Tuesday, April 13, 2010
Wintergirls
I liked this text because I could relate to a lot of things that were going on. Lia is the main character and she has been battling an eating disorder for a very long time now. When reading the book Wintergirls, I compare myself to Lia a lot. I also am always concerned about my weight. My sophomore year of high school I was what I would consider overweight. It wasn't until I was in a bad on again off again relationship when I realized that I needed to lose some weight to make myself and someone else happy. I started off just cutting my meals in half, and then it would get to the point where I would eat a small meal only one time a day, I would constantly be working out, and counting my calories. I have four sisters and I never thought they looked up to me. I was constantly talking about my weight, and how fat I was. It wasn't until my eight year old sister started talking about how fat she was getting when I realized I really needed to be careful about what I was saying. Even though my problem didn't get as bad as Lia's and I never had to go to treatment, I will always worry about my weight, and how I look. Like Lia said it has something to do with being able to have control over your life. There's so many things in life that happens and you don't have any control over it, but there's one thing you can control and that's what you put into your body.
Tuesday, April 6, 2010
Review of Wintergirls
Wintergirls by Laurie Halse Anderson is an awesome book for young teenage girls to read. It goes into depth about a teenage girl named Lia who struggles with an eating disorder that seperates Lia and her best friend. Her eating disorder also makes her relationship with her mother difficult. Her mother is a doctor, and so when dealing with her daughters eating disorder she acts more as her doctor than her mother. Young girls are constantly struggling with their weight and are obsessed with being skinny. They think that just not eating will make them "healthy", healthy is not just being stick skinny. Wintergirls takes young girls through the struggles and loses of having an eating disorder. It helps you understand that eating disorders are not healthy and in fact can kill you, seeing as how it took Lia's best friends life.
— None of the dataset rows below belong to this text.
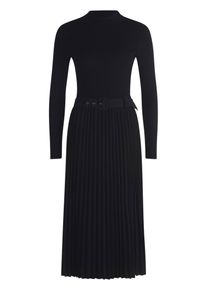 Strickkleid Zero "Strickkleid mit Faltenrock", Damen, Gr. 38, schwarz (schwarz beauty), Kleider Strickkleid
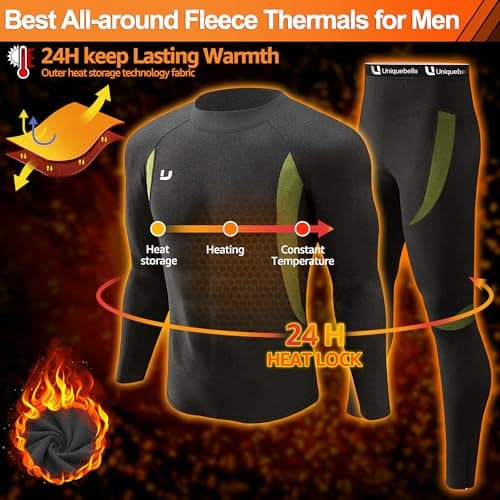 UNIQUEBELLA Mens Thermal Underwear Set Long Sleeve Turtleneck Tops Long Johns Thermal Base Layer Bottom Fleece Lined Quick Drying — view 2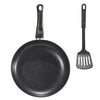 Set 2pz Padella Antiaderente ⌀28cm Con Pala Spatola Forata Manico Antiscottatura Pfoa Free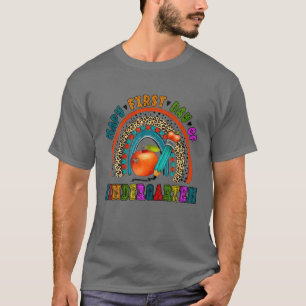 1St First Day Of Kindergarten Leopard Rainbow Back T-Shirt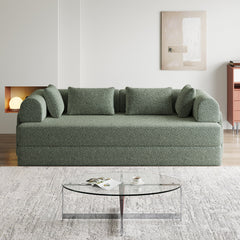 78.7-Inch Convertible Sleeper Sofa Bed with Cylindrical Pillow, Chenille Folding Mattress Couch with ,Folding Sofa Bed with Side Pocket, Floor Sofa Lounge Couch for Living Room Bedroom Lounge Studio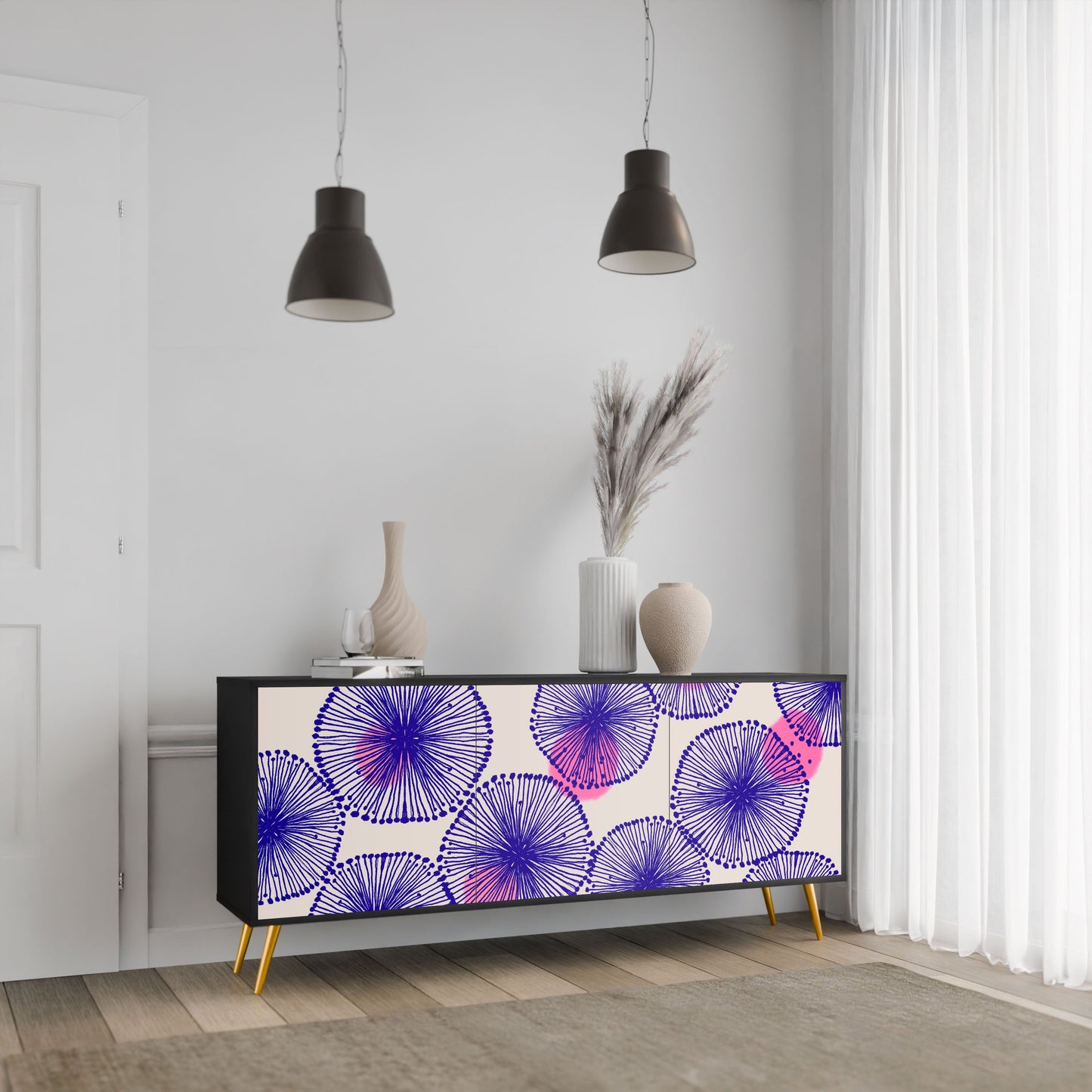 Credenza MAGIC NATURE a 3 ante in finitura nera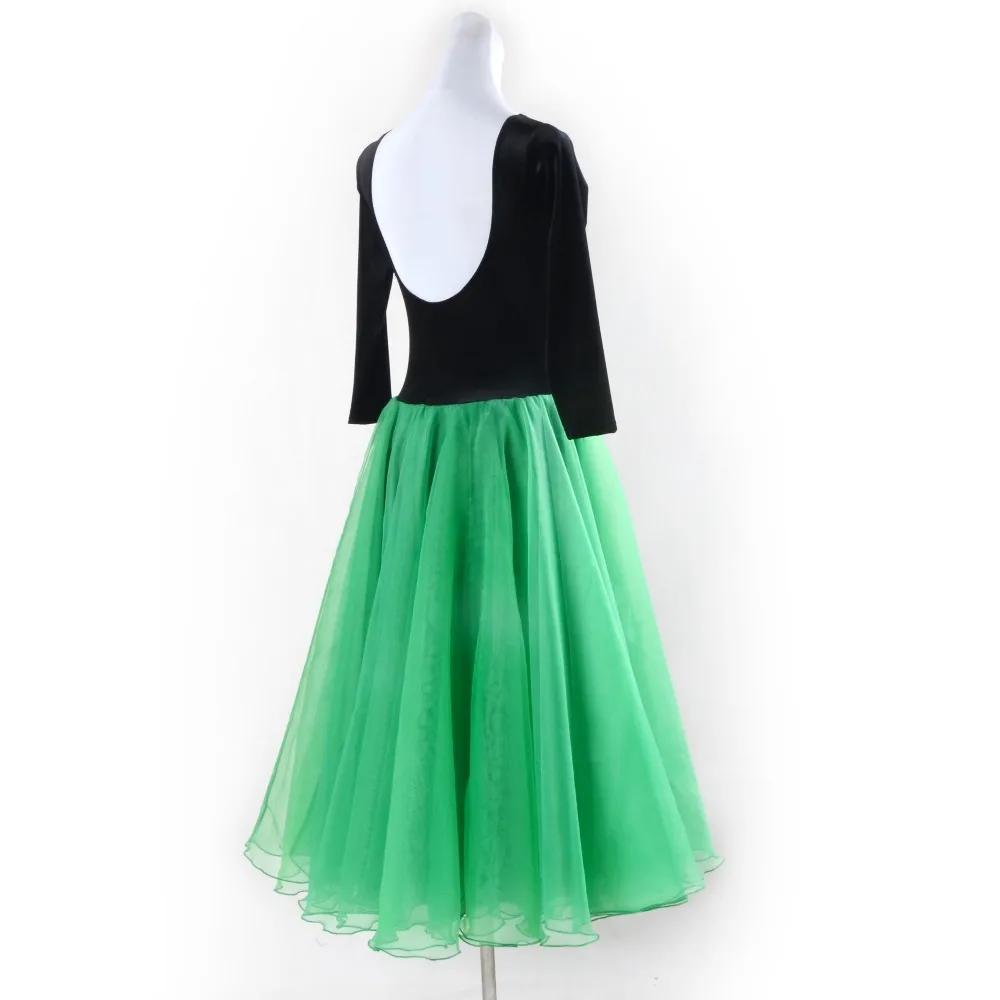 Женское бальное танцевальное платье стандарт для женщин костюмы стандартный бальный зал платье соревнование вальс черные/зеленые женские платья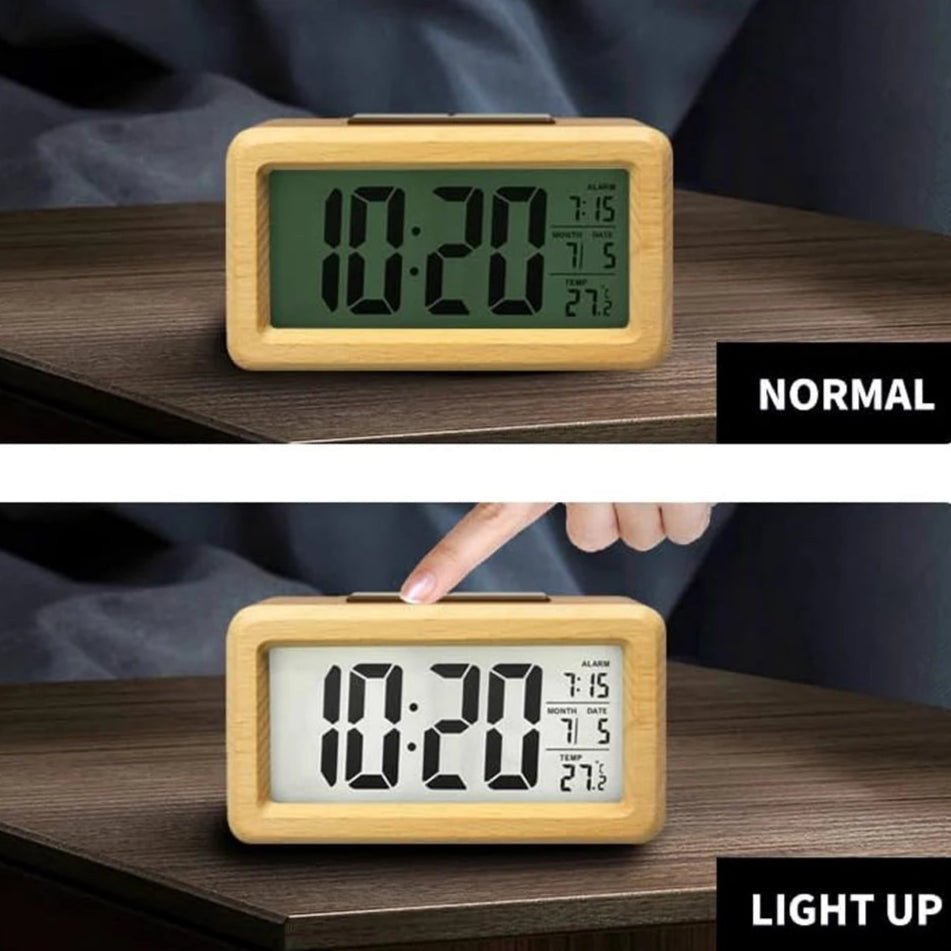 Digital Alarm Clock with Wooden Design & Multi - Function Display - Lattea Global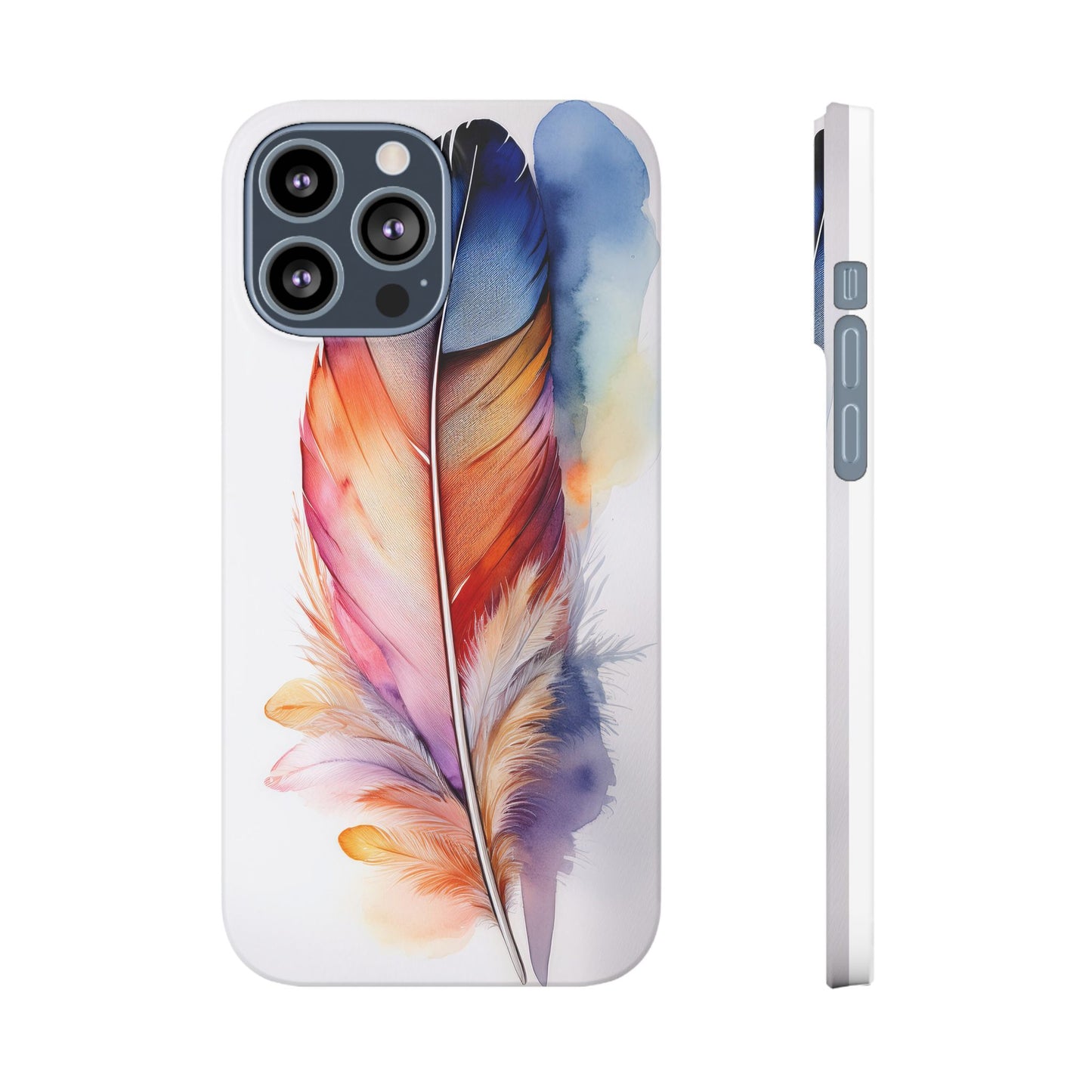 Rainbow Watercolor Feather Slim Phone Case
In this book Lia also has a problem with cutting herself, now a days cutting is a serious problem. Many young girls cut for the same reason they develop eating disorders, they're depressed, their parents are divorced, they feel like they're not good enough, or there's a bigger problem that they don't want to talk about. Lia has been in and out of treatment facilities trying to conquer her eating disorder, and every time she fools her family, and the people at the treatment facility. She couldn't see how much the people around her cared about her. After her friend had died, and was haunting her she saw that she couldn't keep doing what she was doing.